What drives your pay-packet
While performance is often cited as the main driver for a pay increase–or lack of it –salaries live in a more complex environment, writes Ruchi Hajela.india Updated: Feb 26, 2008 01:54 IST
Money, so they say
Is the root of all evil today
But if you ask for a raise
It’s no surprise that they’re
Giving none away…
So sang British rock band Pink Floyd in the 1970s. It must ring true for many employees even today, as the country’s corporate sector workers ready to see what a new financial year has in store for them. March is for appraisals and reviews and April is for pay hikes.
Appraisal time is round the corner and it’s only human to look forward to a good hike. While there’s no getting around working hard, there are other factors that influence your increment as well. It is wise for employees to know that.
“A salary hike largely depends on an individual’s performance, his skills and knowledge and the scope and impact of his job,” says Sandeep Chaudhary, Business leader, Hewitt Rewards Consulting Practice, India. Companies may have different policies for appraisal but a performer needn’t worry. “Organisations have differing incentive, bonus schemes and even salary break-ups but at the end of the day everything boils down to one’s performance on the job,” E Balaji, Chief Operating Officer, Ma Foi Management Consultants Limited, told Hindustan Times.
Human Resource professionals in many companies agree. “In Accenture, salary hikes are primarily linked to the performance of an employee, where performance is assessed based on an individual or team’s contribution or on a business unit’s results,” Sandeep Arora, Managing Director, Accenture Delivery Centres for Technology, India told Hindustan Times. He added that employees who are aware of a performance pay plan not only show better individual performance but also can explain it to their colleagues.

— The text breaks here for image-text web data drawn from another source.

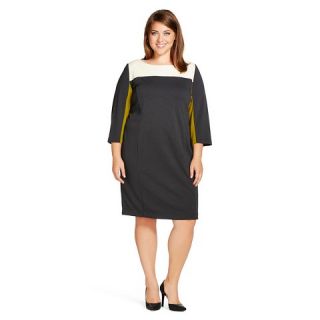 Womens Plus Size Colorblock Shift Dress Black   Melonie T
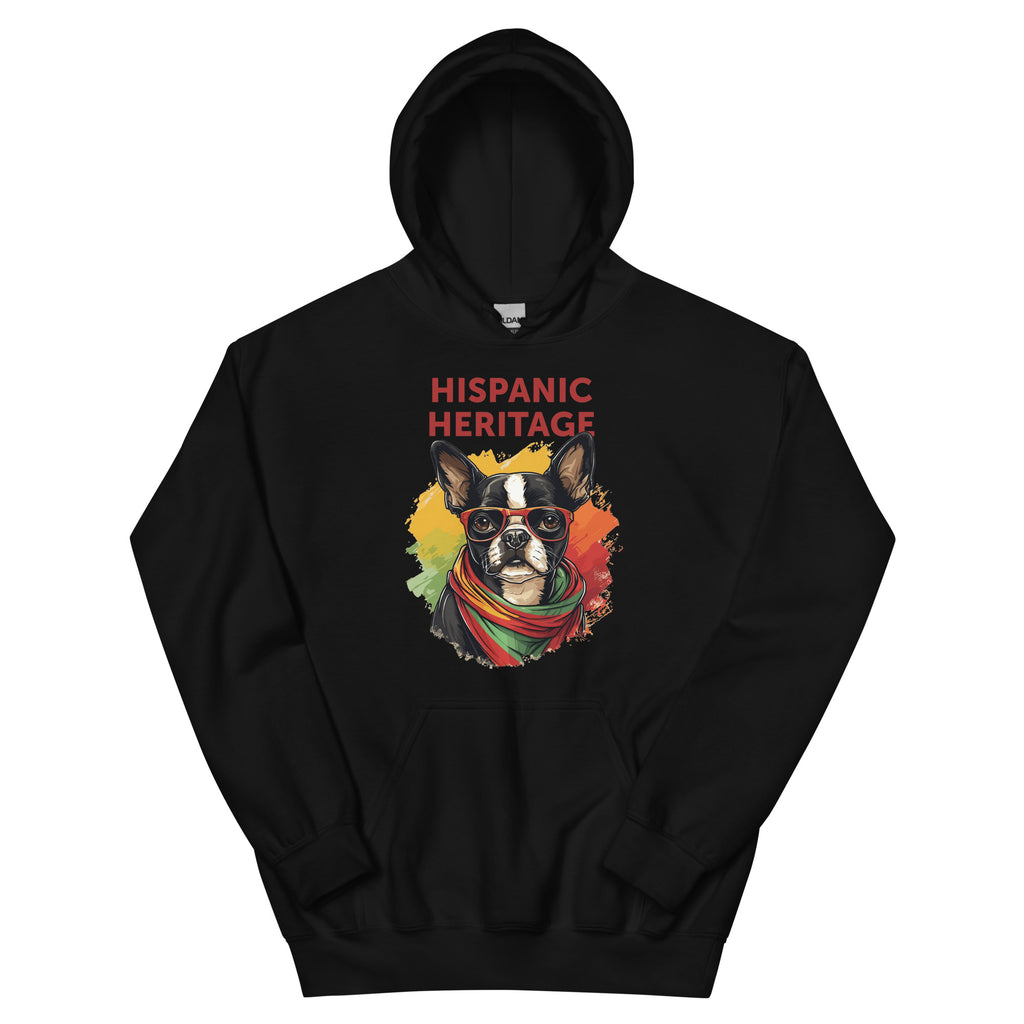 Hispanic Heritage Boston Terrier Dog Unisex Hoodie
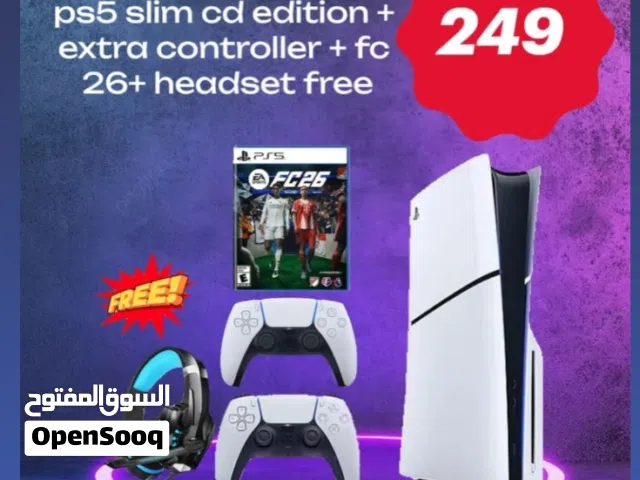 جهاز بلاي ستيشن 5 سليم إصدار القرص + لعبة بلاي ستيشن 5 FC26 + وحدة تحكم بلاي ستيشن 5 + سماعة رأس مجا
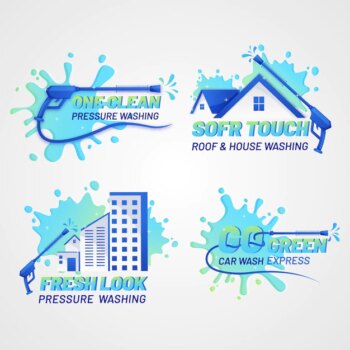 Free Vector | Detailed pressure washing logos
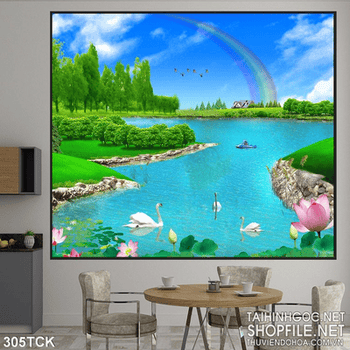 Tranh hoa sen, cá chép và thiên nga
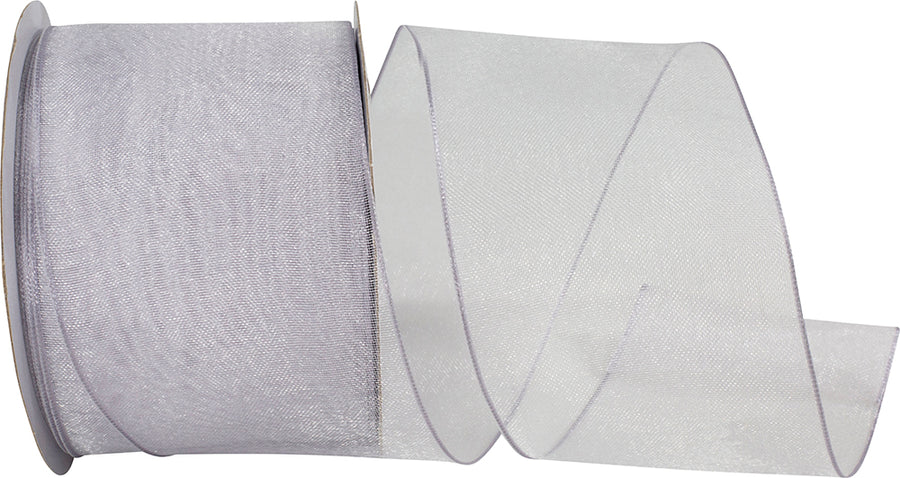 Silver 2-1 2 Inch Elegant Woven Sheer Wired Edge Ribbon for Wreaths & Bows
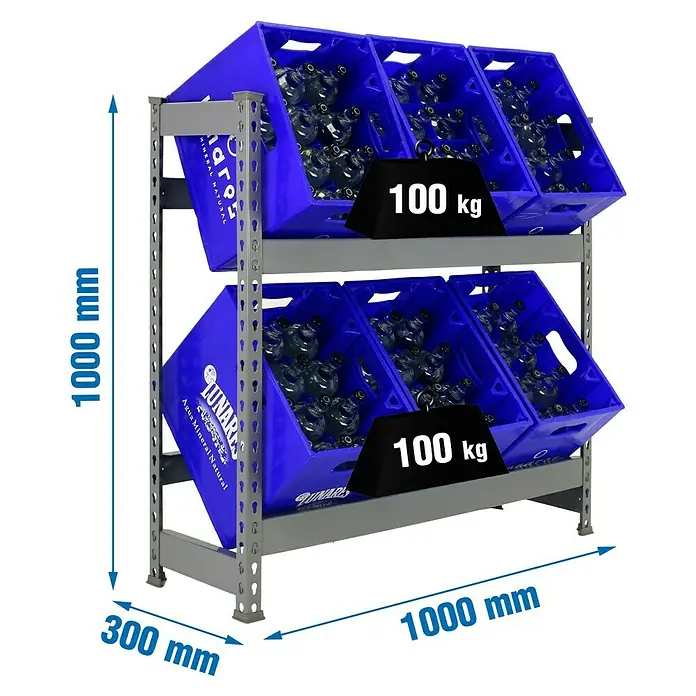 Simonrack Simonbottle Getränkekistenregal Bottleclick - H x B x T: 100 x 100 x 30 cm, Traglast Einlegeboden: 100 kg, Anzahl Böden: 2 Stk., Stecken, Grau - Bild eines zweistöckigen Lagerregals mit blauen Kisten, gefüllt mit Wasserflaschen, mit Gewichtsangaben.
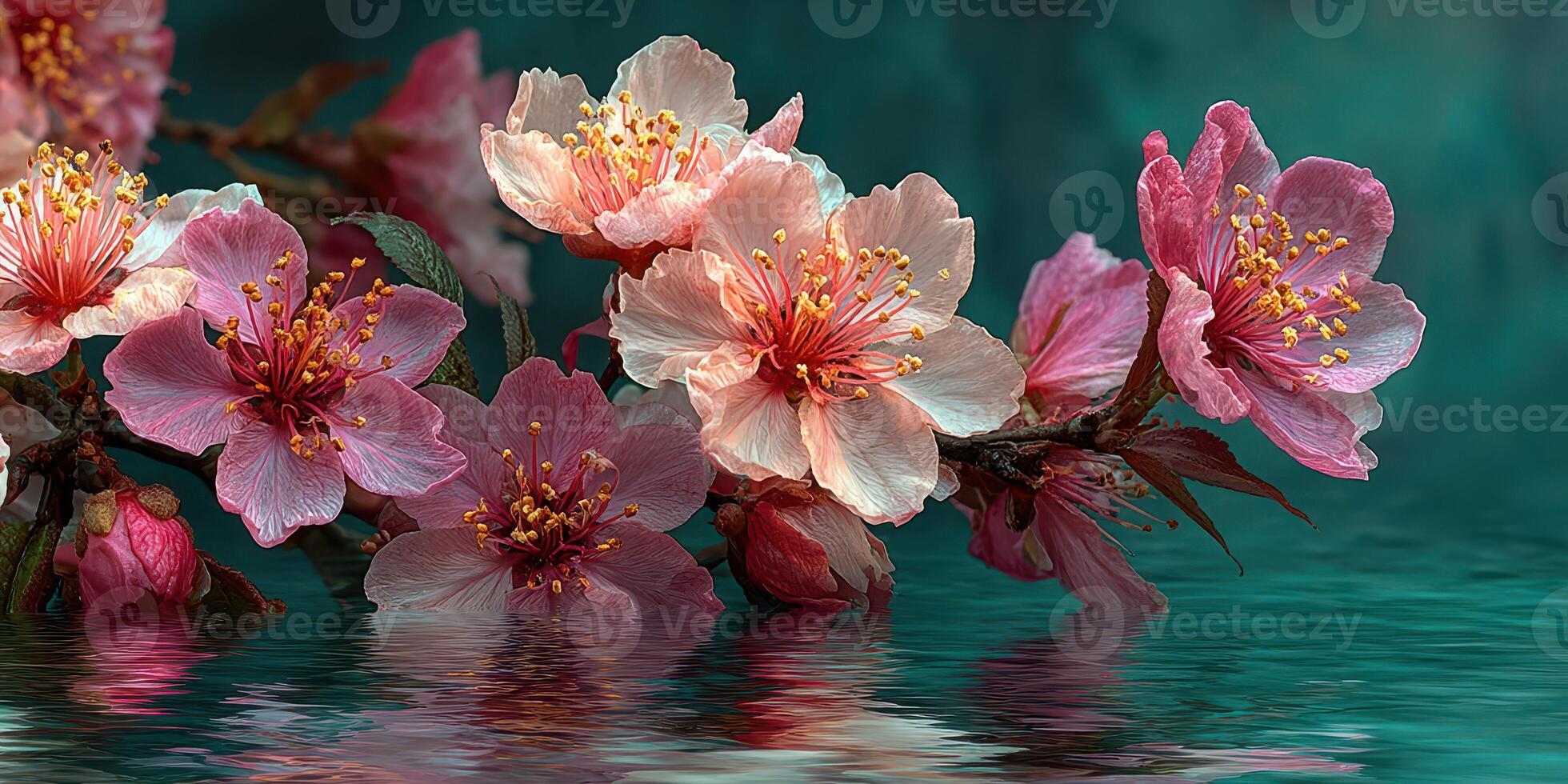 Cherry blossoms reflect on tranquil water surface during springtime in a serene garden photo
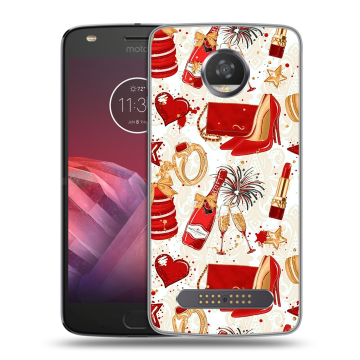 Силиконовый чехол на Motorola Moto Z2 Play с принтом Новый год Силиконовый чехол на Motorola Moto Z2 Play с принтом Новый год
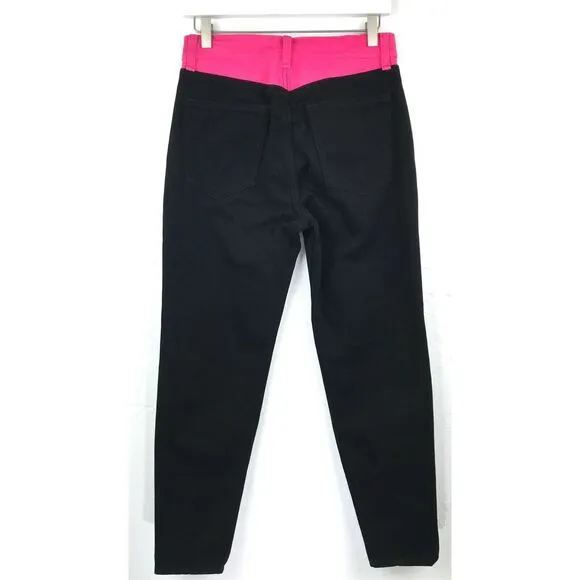 Rag &amp; Bone Size 25 Black Pink Cropped Color Block Ash Mom Denim Jeans New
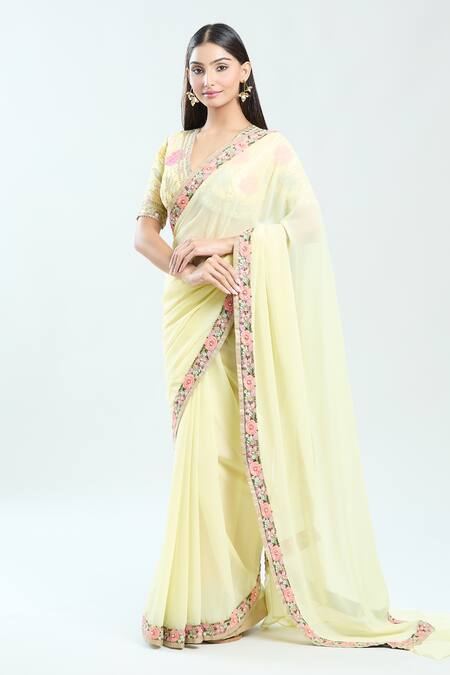 Priti Sahni Yellow Georgette Gota Patti, Mirrors V-neck Embroidered Border Saree With Blouse at Aza Fashions Priti Sahni_Yellow Georgette Gota Patti, Mirrors V-neck Embroidered Border Saree With Blouse _at_Aza_Fashions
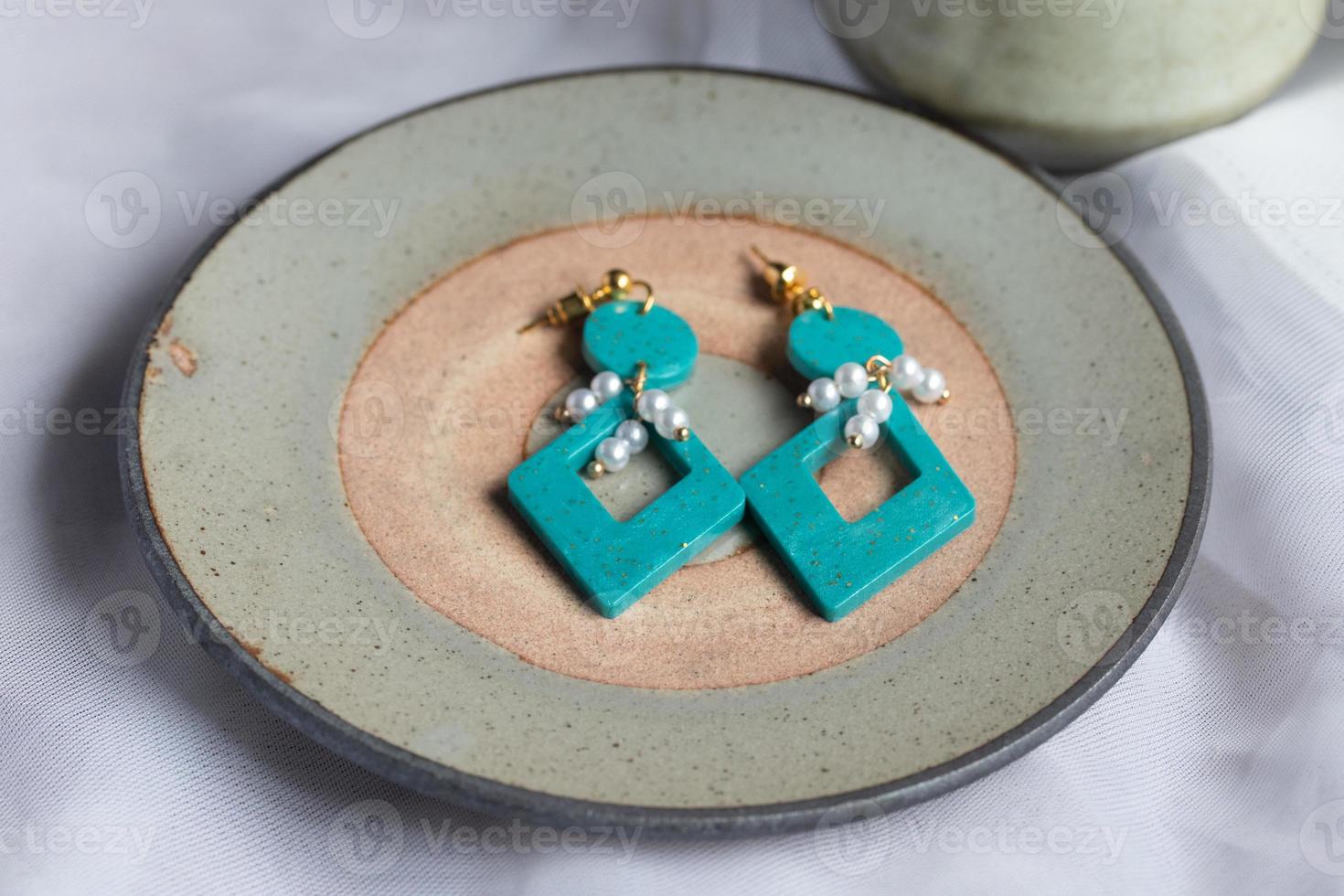 Handmade resin earrings, fashion jewelry. photo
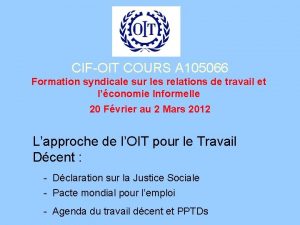 CIFOIT COURS A 105066 Formation syndicale sur les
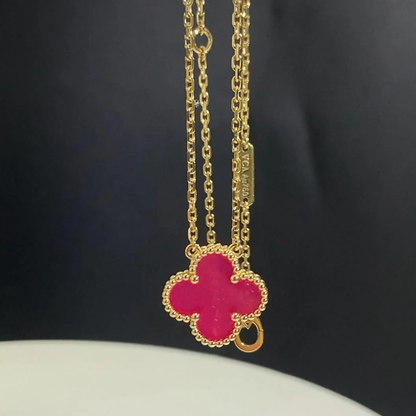 [⭐Hevara Jewelry] NEW CLOVER 15MM PINK ENAMEL NECKLACE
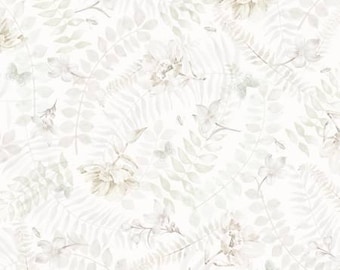 Indigo Song Tonal Floral White Fabric Yardage, Sandy Clough, P B Textiles, Cotton Quilt Fabric, Floral Fabric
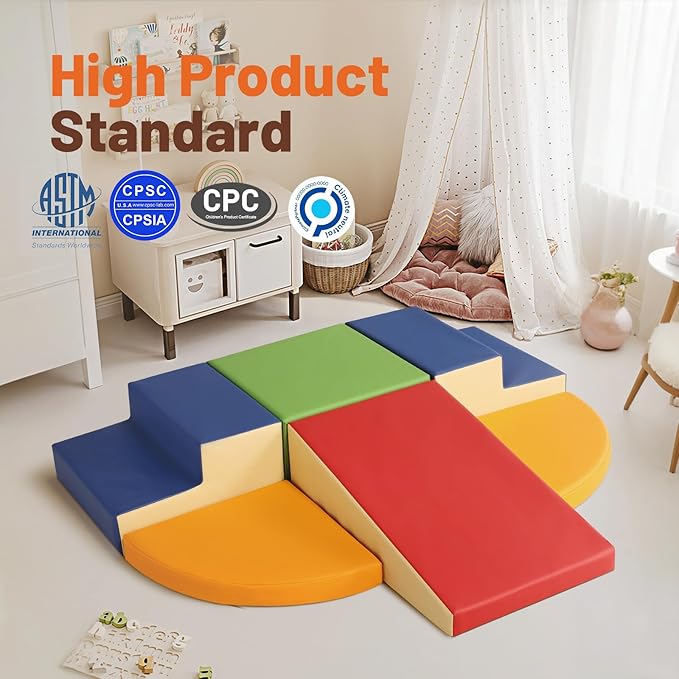 6-Piece Soft PU Leather Toddlers Climbing Toys, Baby Foam Climbing Blocks for Toddlers, Foam Play Gym Climber Structures for Toddler 3, Indoor Climb and Crawl Activity Play Set
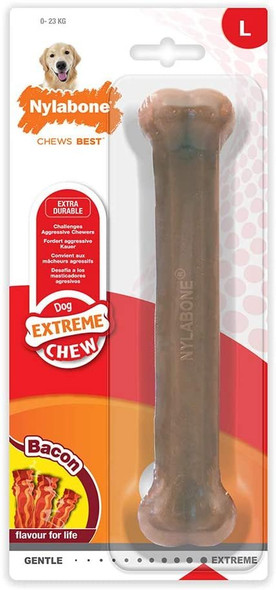 Nylabone Dura Chew Extreme Tough Dog Chew Toy Bone, Bacon Flavour, XL, for Dogs over 23 kg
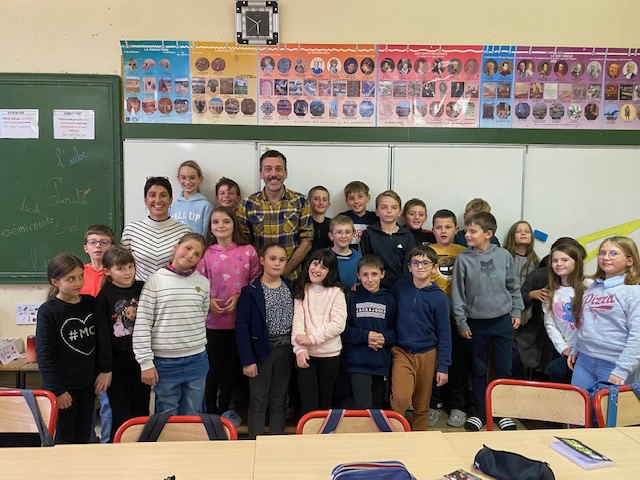 Visite de l'auteur Guillaume Nail à l'école Notre-Dame-des-Oliviers à Murat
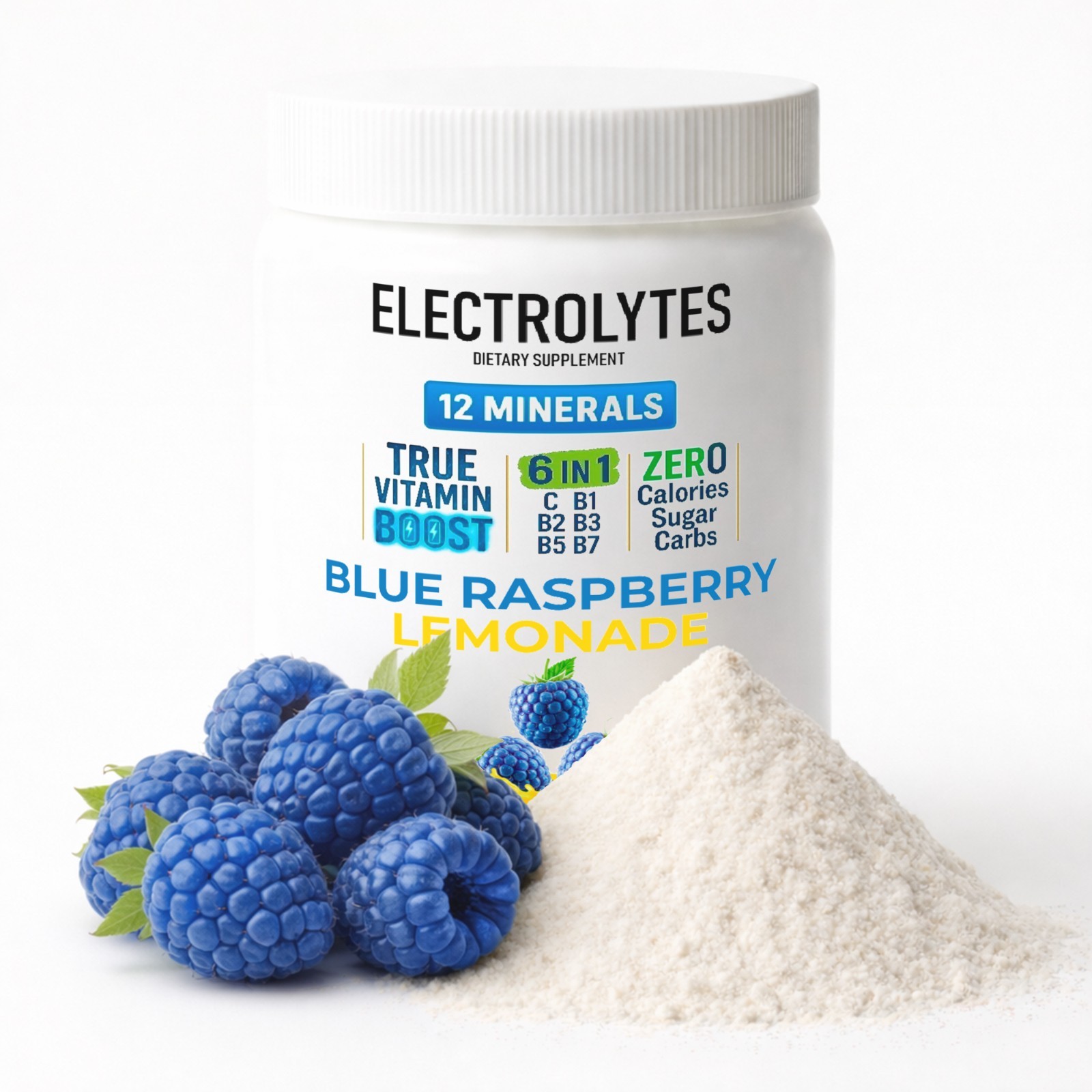 Electrolyte Complex Hydration Powder | 12 Minerals + 6 Vitamins | Blue Raspberry
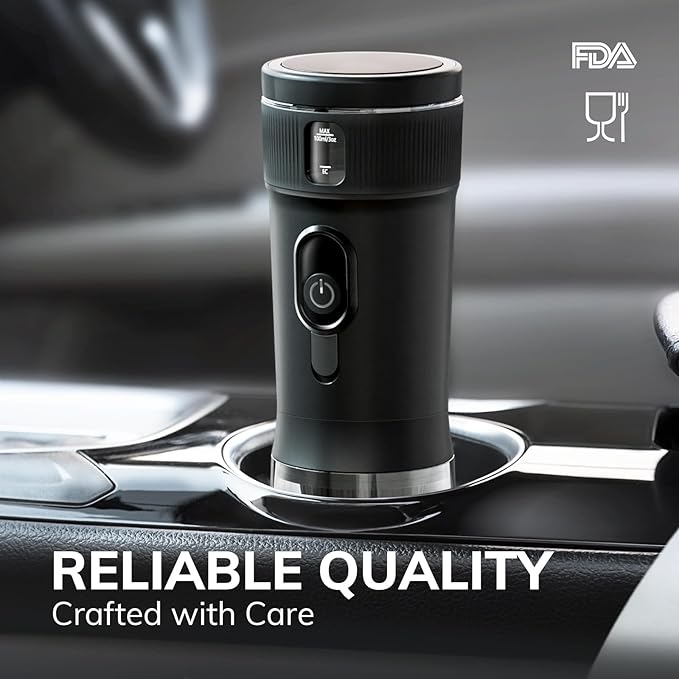 Portable Espresso Machine 100W Self-Heating &amp Car-Ready Compatible with NS Capsules &amp Ground Coffee Ideal for Travel Camping RV Black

Performance, in fact, is more important than just the number of years of experience, experts say. “A better qualified and a better performing candidate might walk away with a much higher increment when compared with someone with higher levels of experience but relatively lower on qualification or performance,” says Rajesh A R, vice-president at staffing firm TeamLease Services.
Other than your performance, a demand and supply gap of talent also affects how you would be compensated. “Many sectors are faced with a shortage of talent, which has resulted in a war for talent between organisations, with pay hikes being used as a mighty weapon,” says Balaji. He adds, “Organisations try to lure talent with attractive pay packages and an employee-friendly salary break-up.”
Money is still a key driver. A recent survey on salary projections released by Hewitt Consulting India reveals that about 76.1 per cent quit their existing jobs due to higher compensation offered by other companies.
Considering the fact that companies within the same industry are fighting for the same talent pool, a company has to benchmark its compensation with what others within the same and adjoining industries are offering. “External market and market inflation also affect compensation,” says Hewitt’s Chaudhary.
For instance, a recent report released by industry chamber Assocham based on the third quarter results of top IT companies revealed that these companies have reduced the average growth rate of their wage costs to half as compared to the previous year. Very clearly, the appreciating value of the rupee has been the external factor that has led to this in key export-oriented industries like IT and IT-enabled services.
A salary hike also depends on a company’s performance in the year gone by and its growth plans for the future. “If a company has not done well and doesn’t have great plans for the coming year, it won’t focus much on employee compensation. However, if a company hasn’t done well but has a long way to go in the coming year it will be more aggressive on the compensation front,” explains Naresh Malhan, Managing Director, Manpower India.
While there is no denying that money is the most obvious factor that indicates your worth to the company, don’t lose heart in case you don’t get the hike you are expecting. Retaining their talent pool and at the same time keeping HR costs low is a constant challenge for HR managers who are looking beyond money to keep employees motivated to stay on. “In my opinion salary hike contributes to not more than one-fourth in retaining employees and factors such as a company’s consistency, the work culture, how an individual’s contributions are recognised and how much personal interest the organisation takes in people are also important to retain employees,” Malhan said.
Other than frills like a swanky office and a fat pay packet, subconscious needs like job satisfaction and enjoying one’s work are crucial. “The biggest downside of focusing only on salary hikes is being short sighted about career prospects that are better in the long run,” says Rajesh. Experts are of the view that money becomes secondary as one rises up the ladder and looks for more satisfying factors at work–such as self-esteem and self-actualisation. So, while money is a big motivator for you to work, it shouldn’t be the end of you.